> _Exercise brief_
Write out the whole listing exactly; no images belong in it.

# # # # #

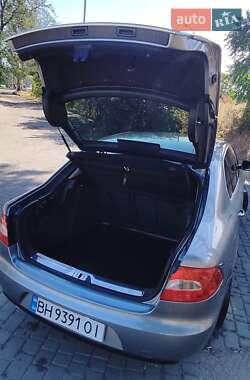Лифтбек Skoda Superb 2011 в 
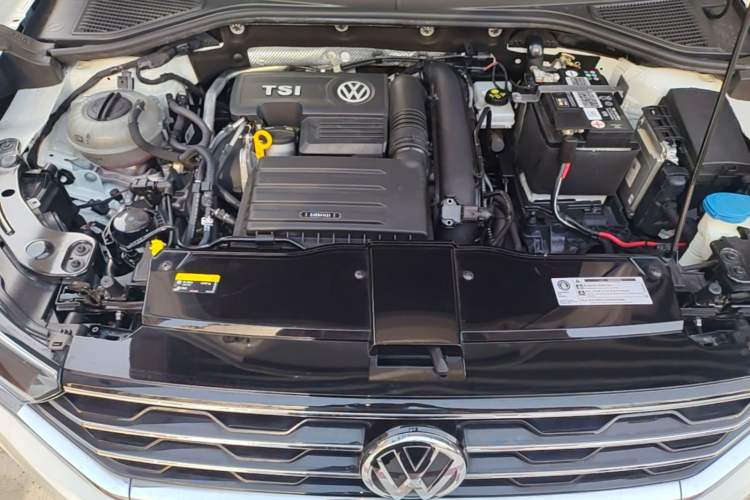 Used Volkswagen T-ROC 2020 230TSI DSG Two-Wheel Drive Advanced Version Engine Bay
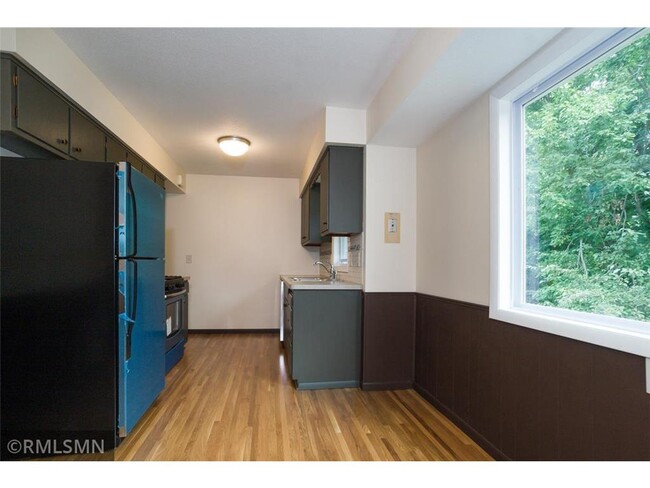 Foto del edificio - 11037 Quincy Blvd NE
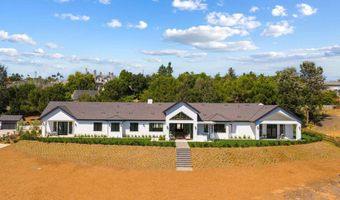 5120 Creek Oak Dr, Fallbrook, CA 92028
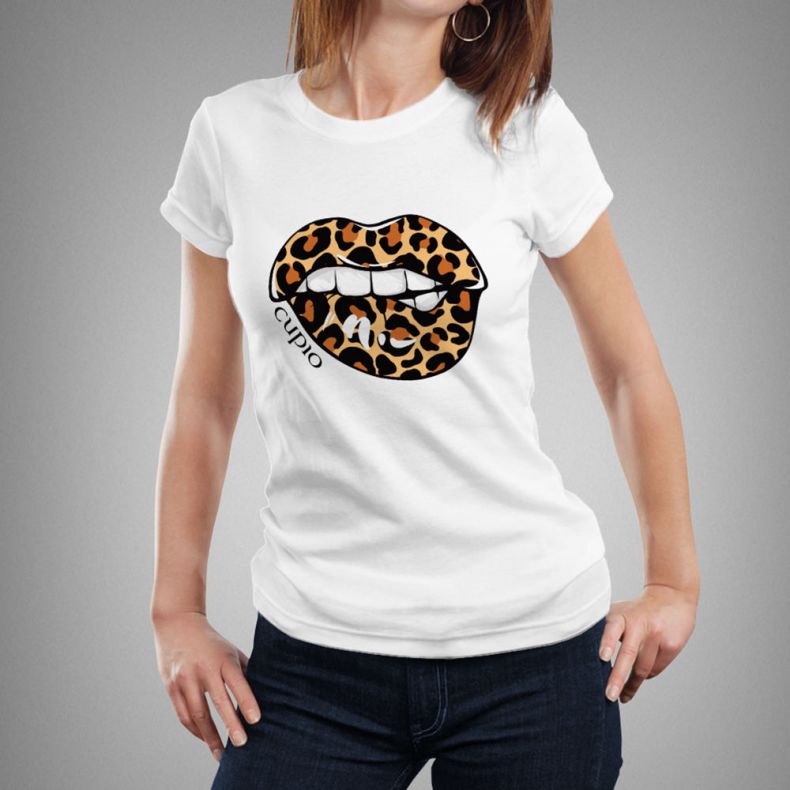 Modisches weißes Damen T-Shirt mit Leopardenlippen und dem Schriftzug "CUPIO"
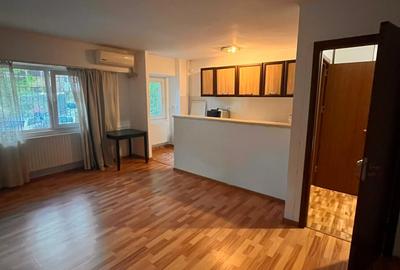 Garsonieră semidecomandată în Lacul Tei
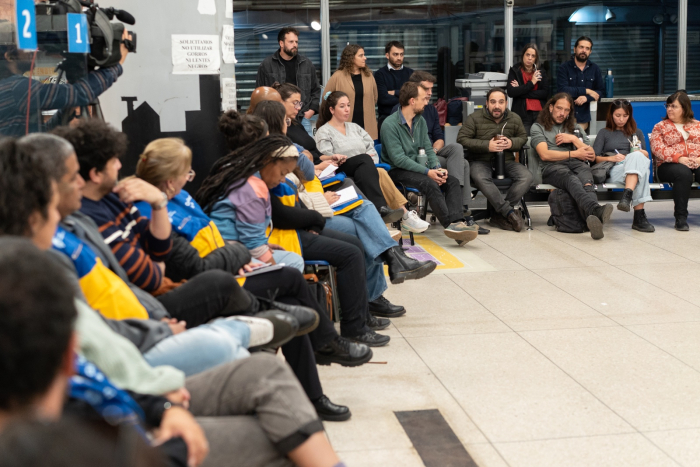 Civila junto a nuevos integrantes de equipos itinerantes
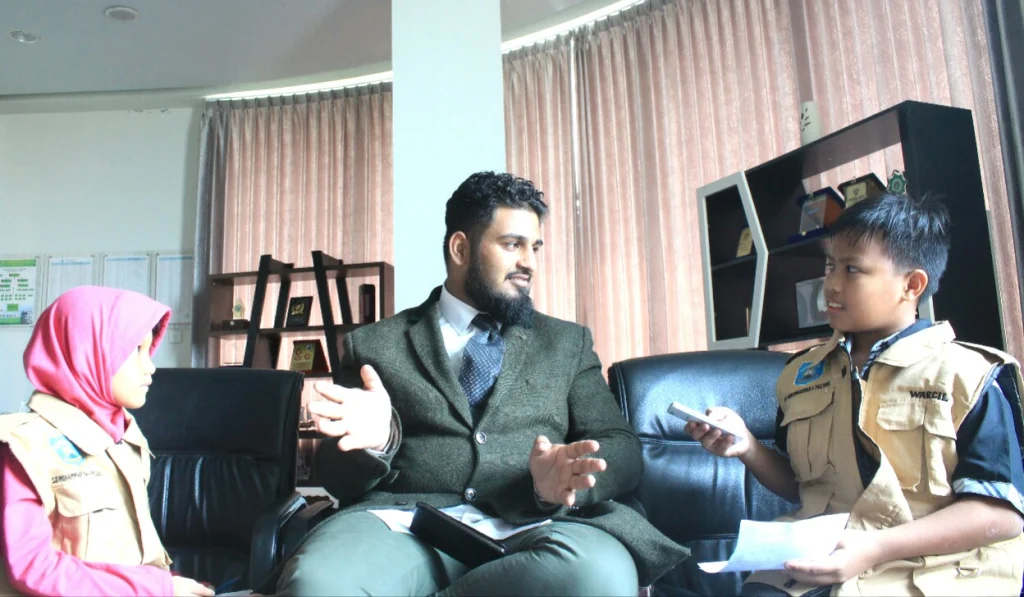 Kali Pertama Wawancarai Orang Asing dengan Bahasa Inggris, Begini Perasaan Wartawan Cilik SD Mudipat Surabaya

# # # # #

> _The answer_
Лифтбек Skoda Superb 2011 в 
 Used Volkswagen T-ROC 2020 230TSI DSG Two-Wheel Drive Advanced Version Engine Bay
 Foto del edificio - 11037 Quincy Blvd NE
 5120 Creek Oak Dr, Fallbrook, CA 92028
 Modisches weißes Damen T-Shirt mit Leopardenlippen und dem Schriftzug "CUPIO"
 Garsonieră semidecomandată în Lacul Tei
 Civila junto a nuevos integrantes de equipos itinerantes
 Kali Pertama Wawancarai Orang Asing dengan Bahasa Inggris, Begini Perasaan Wartawan Cilik SD Mudipat Surabaya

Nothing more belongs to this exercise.